The CF Martin company finished most of their guitars in a clear natural finish but some of them received the coveted shaded top (or sunburst) finish. Martin did far fewer sunburst guitars than Gibson back in the golden era of acoustic guitars but they were equally as beautiful. They’re also far more coveted by collectors than their natural finished counterparts and therefore more susceptible to wild price fluctuations and hidden surprises. We are always looking to buy orignal shade top or sunburst vintage Martin acoustic guitars. Do you want to sell a vintage Martin guitar? You can contact me here on my Martin buying page.
This 1937 CF Martin 0-18 shaded top has survived in lovely condition and retains all its original finish with no overspray or touch up. An original shaded top finish exhibits some uncommon characteristics that can help determine an original finish versus a refinish or touch up.
One of these important characteristics is the finish texture over the pickguard. The pickguard was installed under the finish on Martin guitars at this time period. Something in the black paint reacts with the pickguard material and causes a bubbling texture. The more that the finish has oxidized or worn, the more bubbling or checking the pickguard will exhibit in the shaded area. Shade top or sunburst Martin guitars that haven’t worn or oxidized much will exhibit very little reaction on the pickguard but will likely still show some finish inconsistency in that area.
This 1937 CF Martin 00-18 from Folkway Music in Ontario, Canada is in lovely condition and exhibits the typical bubbling and cloudiness that we would expect from an original 1930s Martin shaded top finish.
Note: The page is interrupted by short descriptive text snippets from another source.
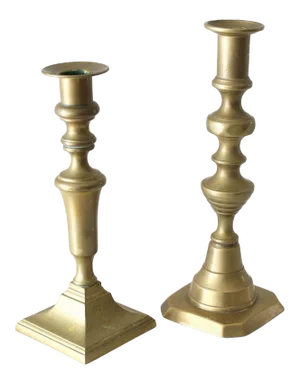 Early 20th Century Victorian Antique Brass Push Style Candlesticks - a Pair
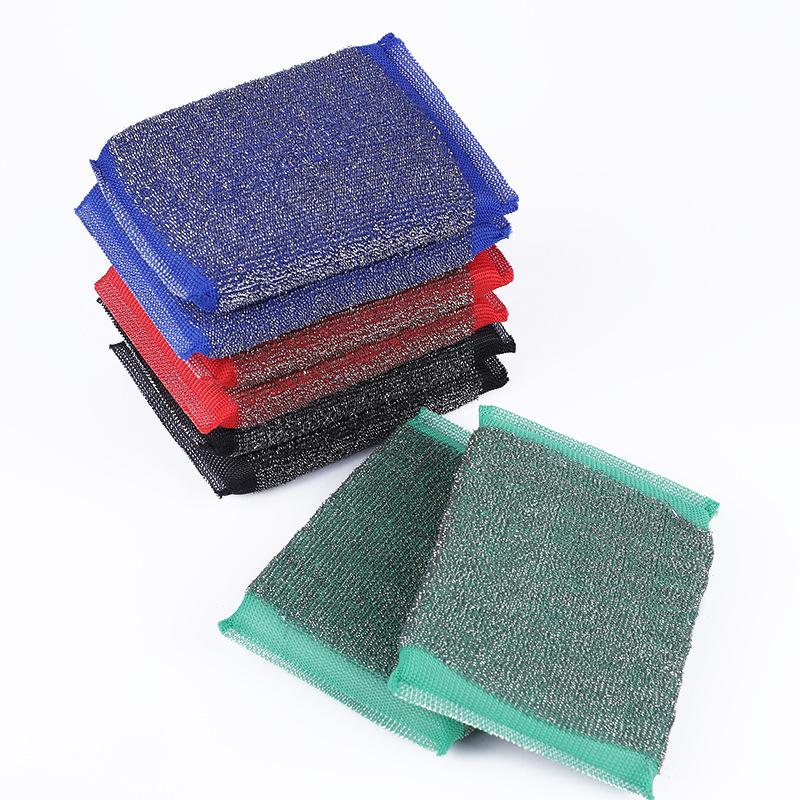 2023 Steel Scour Pads Stainless Steel Scouring Pads Dish Scrubbers Dish Sponge Kitchen Sponge Steel Scrub Sponge for Kitchen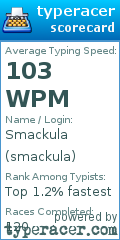 Scorecard for user smackula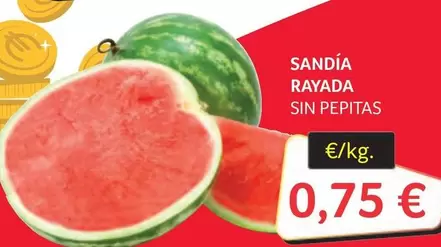 Sandía Rayada Sin Pepitas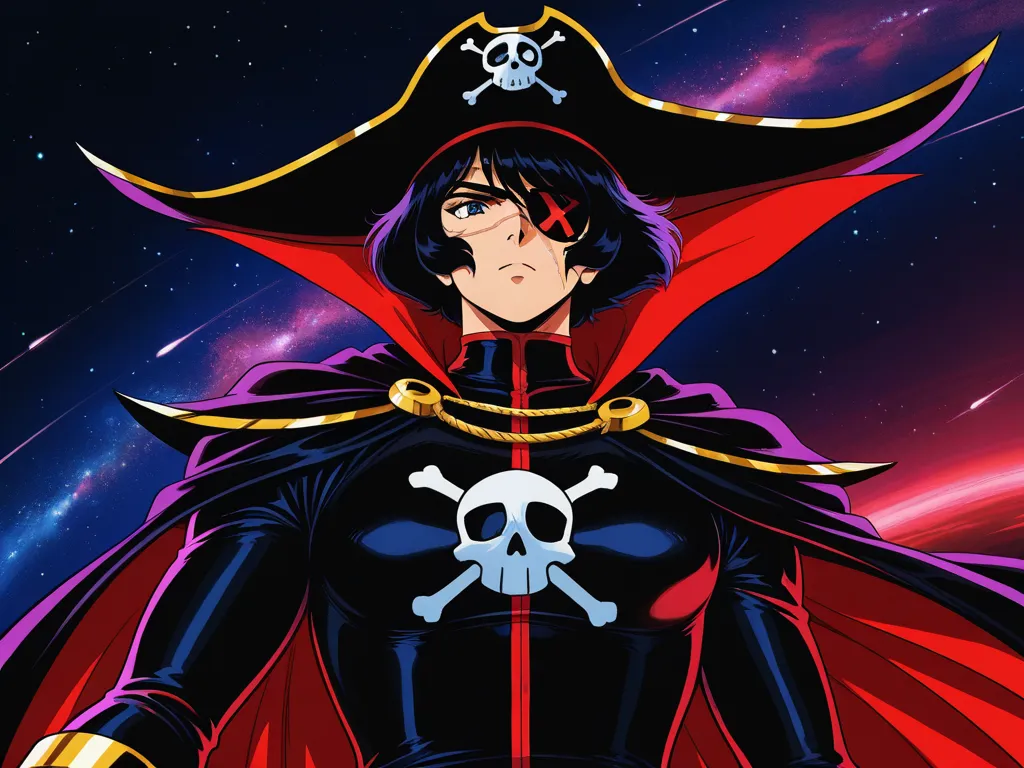 SUBJECT: Captain Harlock from Space Pirate Captain Harlock. CORE DESCRIPTORS: Captain Harlock, human space pirate, anime/manga series. STYLE & ERA: Hand-drawn, classic 1970s-80s anime aesthetic. BODY STRUCTURE: Tall, lean, and athletic build, imposing pres...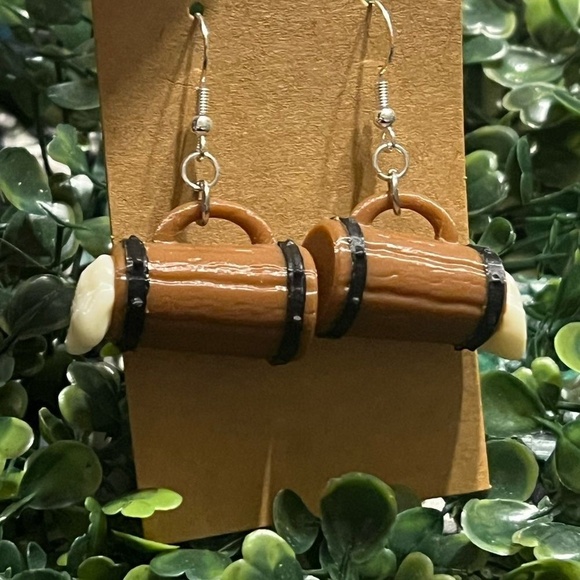 Jewelry - 3D printed beer stein earrings. Made by my husband ss .925 hooks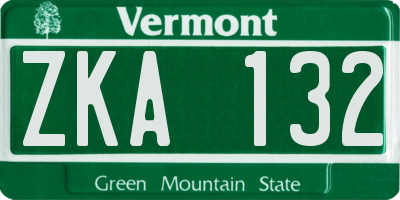 VT license plate ZKA132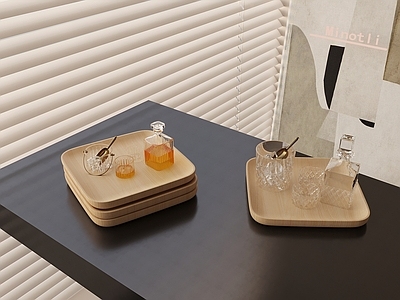 酒具 酒水酒瓶酒杯酒具 酒杯 酒瓶 实木托盘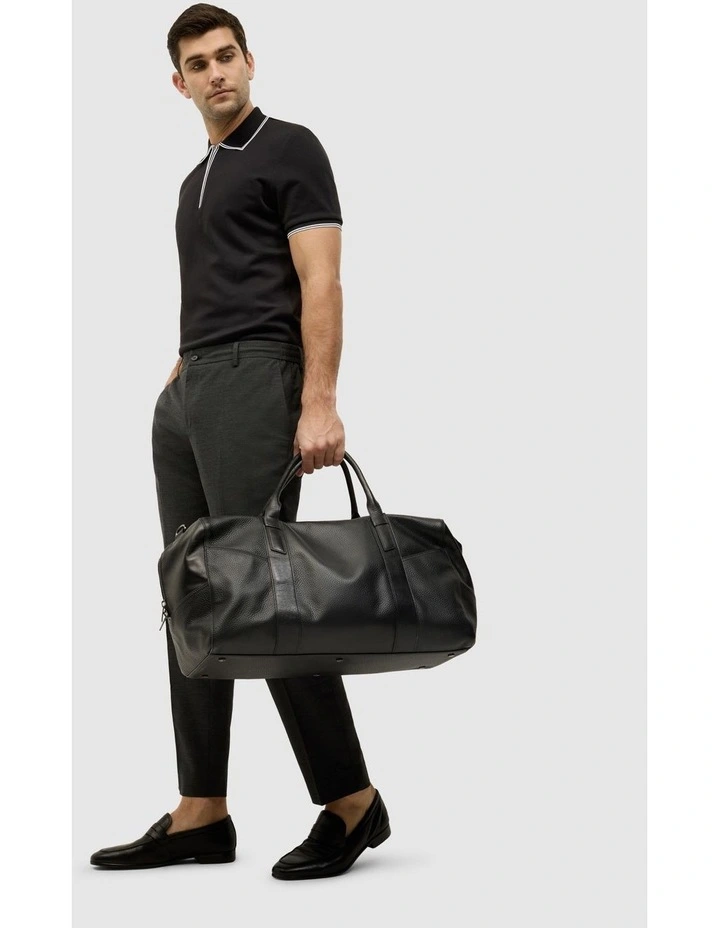 Textured Zip Collar Polo in Black image 3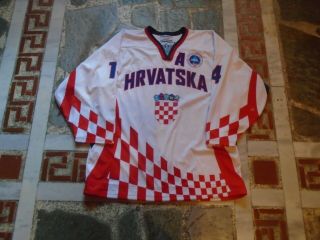 Iihf Croatia Game Worn White Jersey 14 Brine " A "
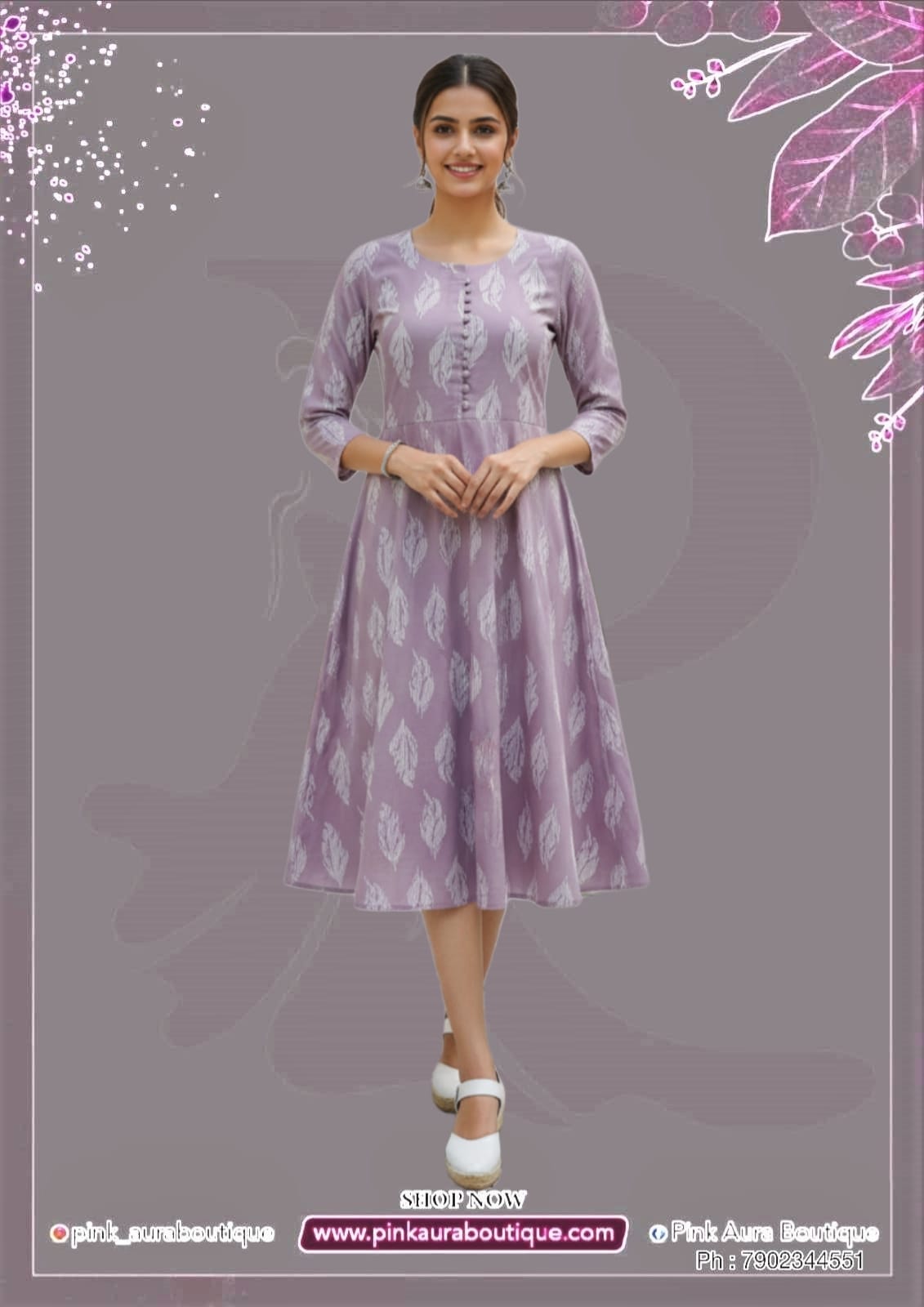 A Line Frocks Printed Embroidery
This 1938 Martin D-18, listed as a shaded top with original top finish only, does not exhibit the typical bubbling or cloudiness on the pickguard that we normally see on an original shade top or sunburst Martin finish from the 1930s. This guitar would benefit from a careful examination to determine if the which is original: the finish or the pickguard. It’s also possible that that finish inconsistencies were removed when the pickguard shrunk and was reglued to the top. Since shaded top Martin guitars from the 1930s often sell for double that of a natural finish in the same condition, these determinations would be very important in order to establish a fair market value for the guitar.